To say that a murder has been committed seems like a strained interpretation of the facts. There’s a difference between burning of the Library of Alexandria and destroying your hard drive when you have a backup.
Currently, murder and information-theoretic murder coincide, for the same reasons that death and information-theoretic death coincide. When that is no longer the case, the distinction will become more salient.
And here is something that bugs me in Sci. Fi. shows. It’s worse than ’Sound in space? Dammit!” Take Carter from Stargate. She has Asgard beaming technology and the Asgard core (computer). She can use this to create food, a Chelo for herself and Tritonin for Teal’c. The core function of the device is to take humanoid creatures and re-materialise them somewhere else. Why oh why do they not leave the originals behind and create a 50-Carter strong research team, a million strong Teal’c army and an entire wizard’s circle of Daniel Jacksons with whatever his mind-power of the episode happens to be? There are dozens of ways to clone SG1. The robot-SGI is the mundane example. The Stargates themselves have the capability and so do Wraith darts. The same applies to Kirk and his crew. But no. let’s just ignore the most obvious use of the core technology.

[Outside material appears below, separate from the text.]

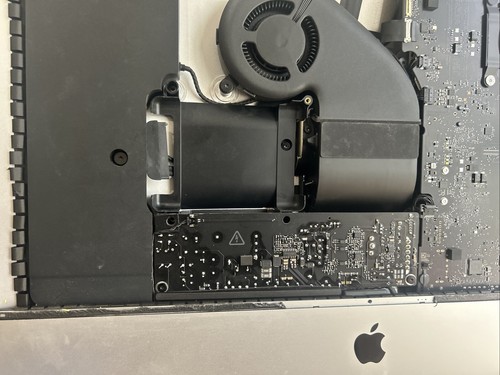 a2116 iMac, NO Screen/Hard Drive. Runs Great, No Mechanical Issues. I3 8gb ram - Picture 4 of 6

If Kirk1 disappears a few seconds before Kirk2 appears, we assume that no subjective experience was lost; a branch of length 0 was terminated. If the transporter had predictive algorithms good enough to put Kirk2 into the exact same state that Kirk1 would be in a few seconds later, then painlessly dematerialized Kirk1, I would have no more problem with it than I do with the original Star Trek transporter.
A copy, not a zombie.
It is a shame that the term was reserved for ‘philosophical zombies’. I mean, philosophical zombies haven’t even been killed. Kirk was killed then reanimated. That’s real necromancy for you.